Postgraduate taught 

Digital Society MSc

Improving Health and Society: Programme Development and Evaluation SPS5022

  • Academic Session: 2024-25
  • School: School of Social and Political Sciences
  • Credits: 20
  • Level: Level 5 (SCQF level 11)
  • Typically Offered: Semester 1
  • Available to Visiting Students: Yes
  • Collaborative Online International Learning: No

Short Description

This course will demonstrate how to use theory and evidence in the development of programmes to improve health and other social outcomes, and how they can be evaluated rigorously. Students will develop a critical understanding of the usefulness and limitations of different evaluative designs (e.g. randomised controlled trial, natural experiment, and before-and-after, process and economic evaluations) in providing evidence of effectiveness and cost effectiveness.

Timetable

2hrs per week, weekly over 10 weeks. 20 hours is the requirement for CoSS PGT courses.

Excluded Courses

None

Co-requisites

None

Assessment

Summative assessment will be through coursework which will include a student and tutor-marked in-course presentation (10 minutes) and a project proposal (3,000-4,000 words), which will be guided and informed by the formative assessment.

Course Aims

This course aims to provide students with an opportunity to develop and apply a critical understanding of how to systematically design and evaluate evidence-based programmes with a clear theory of action to improve key outcomes in their own discipline area (e.g. health, criminology, migration, etc).
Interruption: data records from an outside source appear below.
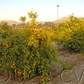 Fraser Seville Sour Orange Budwood citrus plant material online shopping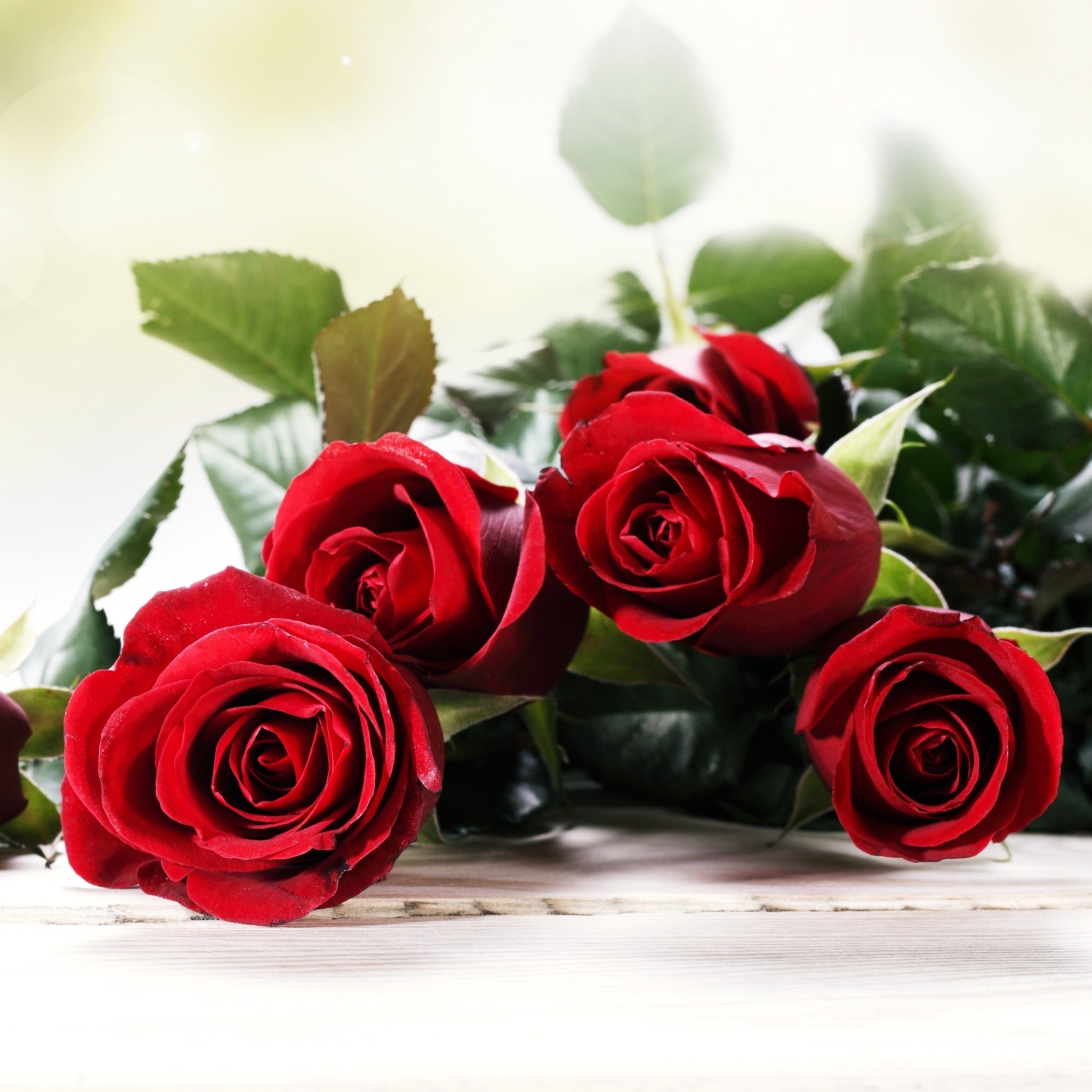 Скачати мобільні шпалери Квітка, Роза, Букет, Земля, Кохання, Червона Троянда, Червона Квітка, Флауерзи безкоштовно.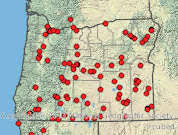 Attēlu rezultāti vaicājumam “Stemonitopsis aequalis (var. aequalis)”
Intended Learning Outcomes of Course

By the end of this course students will be able to:

• Critically evaluate and apply appropriate steps required to develop health and social interventions in a theoretically- and evidence-based way in order to have the greatest likelihood of effectiveness;

• Critically evaluate and contrast the utility and role of different evaluation designs and methods in programme evaluation;

• Select and apply the mechanisms to support the translation from research to widespread practice in the implementation of health and social interventions;

• Develop a research proposal to develop an intervention to improve key outcomes in their own disciplinary area; 

•Structure ideas effectively both orally and in written forms, work effectively independently and in groups, and develop effective time management skills.

Minimum Requirement for Award of Credits

Students must submit at least 75% by weight of the components of the course's summative assessment.